2013-10-09 Thread Mark Felder
On Tue, Oct 8, 2013, at 22:32, Mike Brown wrote:
 alexus wrote:
  ok, I just did fetch  install and got bumped from p5 to p9
  
  # uname -a
  FreeBSD XX.X.org 7.4-RELEASE-p9 FreeBSD 7.4-RELEASE-p9 #0: Mon Jun 11
  19:47:58 UTC 2012
  r...@amd64-builder.daemonology.net:/usr/obj/usr/src/sys/GENERIC
   amd64
  #
  
  can I take it all the way to -p12?
 
 -p10 through -p12 probably didn't involve any kernel changes. Bumping the 
 reported patchlevel isn't considered important enough to warrant building
 a 
 new kernel.
 
 If your sources are in /usr/src, do this:
 
 grep -v # /usr/src/sys/conf/newvers.sh | head -4
 

If he had sources on the box he probably would have just compiled the
fixes himself.

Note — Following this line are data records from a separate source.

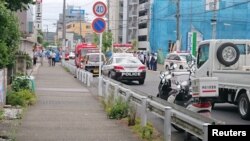 Polisi tiba di lokasi penikaman massal di sebuah perhentian bis di Kawasaki, Jepang, 28 Mei 2019. May 28, 2019, in this photo taken from social media. Foto diambil dari media sosial @_RASSUN5001 via Reuters.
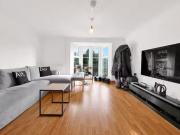 2 bedroom apartment for rent in Sheldon House, Falmouth...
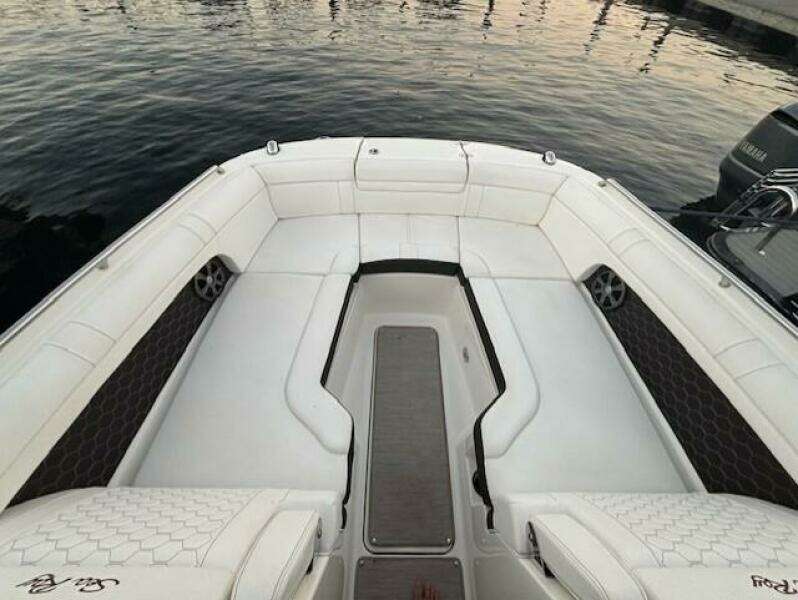 27ft Sea Ray Yacht For Sale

The version number shouldn't be embedded in the kernel
like that so it's easier for people to audit their systems. I have VMs
right now in Xen that report different FreeBSD versions and it's
confusing for other sysadmins who aren't intimately familiar with
FreeBSD. Some were updated by freebsd-update, some were updated by src.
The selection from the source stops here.